George Washington Papers

To George Washington from Charles Pettit, 9 February 1781

From Charles Pettit

Philadelphia 9th February 1781

Sir,

I was honored with the receipt of Your Excellency’s letter of the 2d instant some days ago,1 and immediatly put forward the business recommended, which I am informed will be completed today, and the express-rider who has it in charge will return with all possible dispatch. By him you will also receive the spurs, hair-powder and blacking ball, of which I shall inclose a bill.

As Your Excellency was pleased to mention fashionable spurs, I took some pains to enquire, amongst the Gentlemen of fashion, for the reigning taste of the day, but with less success than I expected, as I could not find any standard for it, nor that their ideas agreed with each other. I found, however, that the late prevailing mode, of connecting the strap & spur by a chain, was generally rejected; and that a plain spur was most generally approved; I therefore sought for the best plain pattern I could find ready made, the time not admitting of getting a pair made by a new direction. The price fixed was 1100 dollars old money or an equivalent in new emissions at 75, which is the established exchange,2 but in silver I found ten dollars would be accepted, I therefore paid it in silver, as the difference exceeded the received opinion of the real depreciation of paper money, which is about 100 of old money for one in silver, or 100 in new money for 75 in specie; but as the law now stands actual purchases of specie cannot be made without loss of reputation. Bills of exchange now sell at 75 old or one dollar new money for 5 livres; or 5/6 to 6/. specie for 5 livres 5 sous.3 I take the liberty of mentioning these particulars for Your Excellency’s information as to the real state of paper money.
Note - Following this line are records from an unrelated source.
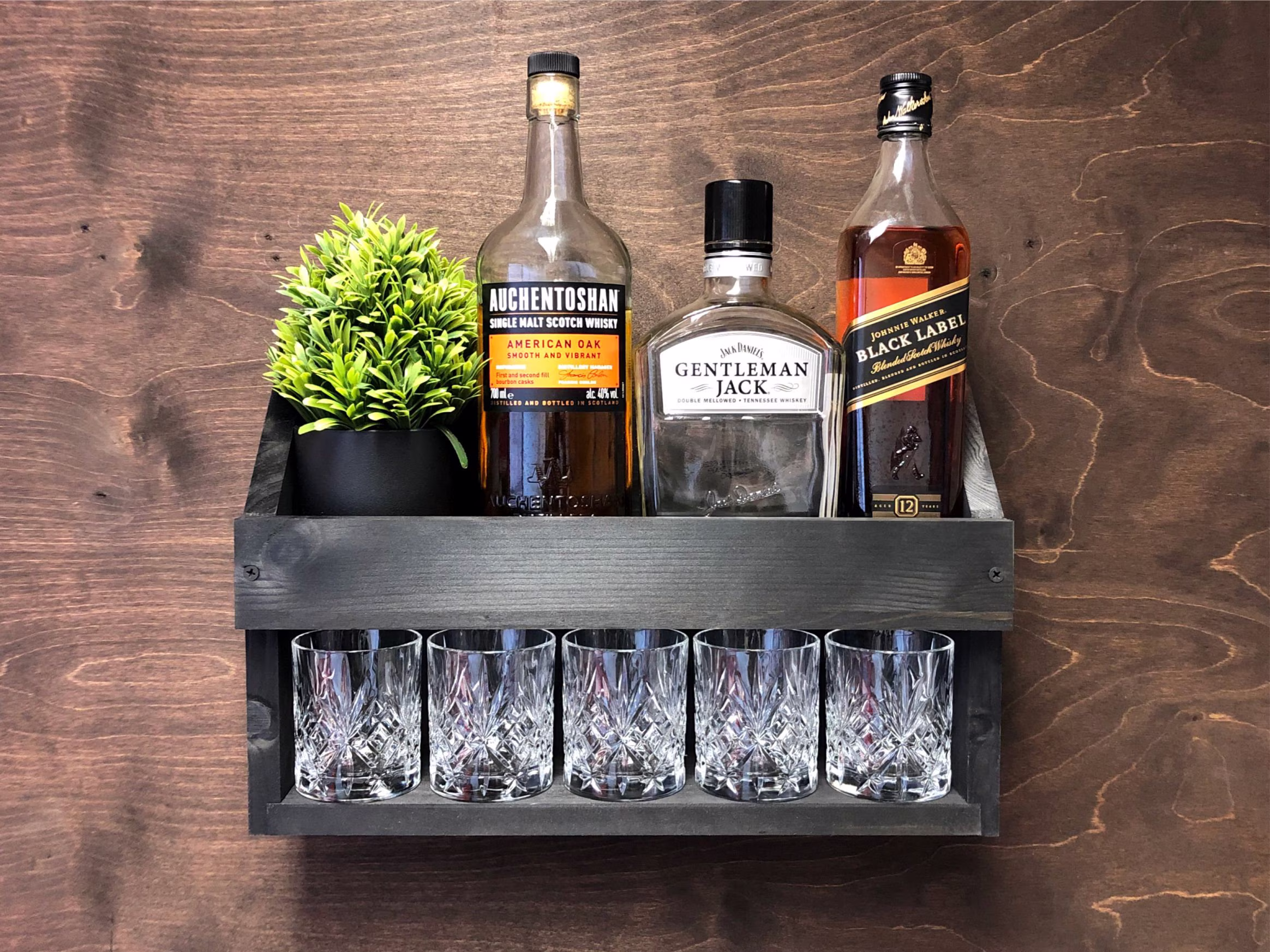 Personalised Wooden Rum Whisky Bottle Shelf & Tumbler Holder - Black Display Home Bar Whiskey Man Cave | W-Bl | Em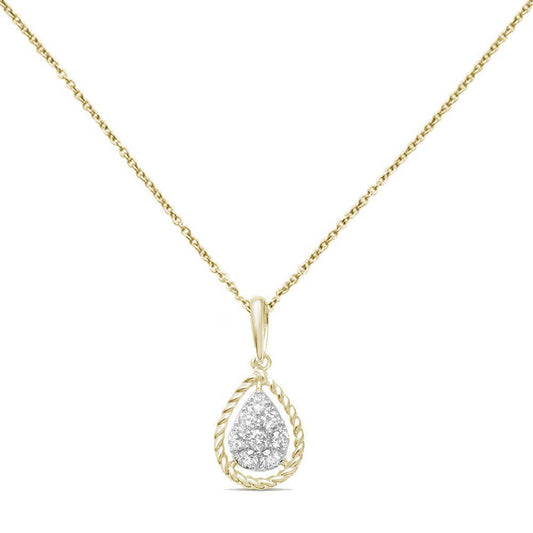 Muse Jewelry .20ct G SI 14K Yellow Gold Round Diamond Pendant 18" Long Chain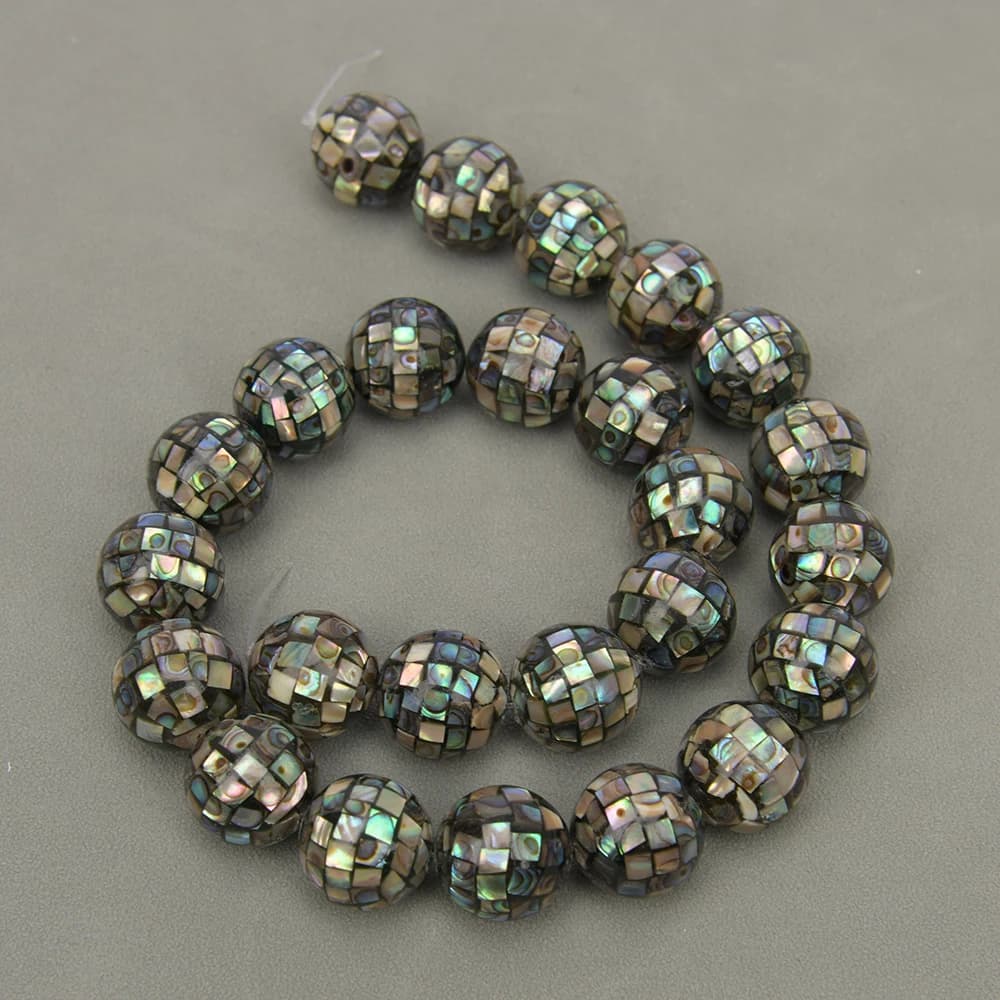 APDGG 16mm Natural Green Abalone Shell Round Round Beads 15.5 ''Strand for Pearl Necklace Creation of DIY Jewelry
The money arising from the Bills of exchange Your Excellency was pleased to send to me in February last year was actually appropriated to the public use in March, and I urged it as an argument for obtaining certificates of equal date, but could not prevail to obtain them of an earlier date than the time of applying at the Office in Virginia.4 I have the honor to be, with the most perfect respect, Your Excellency’s most obedient & most humble servant

Cha. Pettit

Cash advanced by C. Pettit.5

The Express desires me to mention the time I recd Your Excellency’s letter by him; which was on sunday the 4th instant, & as well as I remember rather before noon.

ALS, DLC:GW; ADf, sold by Heritage Auction Galleries, October 2007 (sale no. 9675, lot no. 61107). The draft has Pettit’s initials rather than his full signature and lacks the final paragraph of the postscript.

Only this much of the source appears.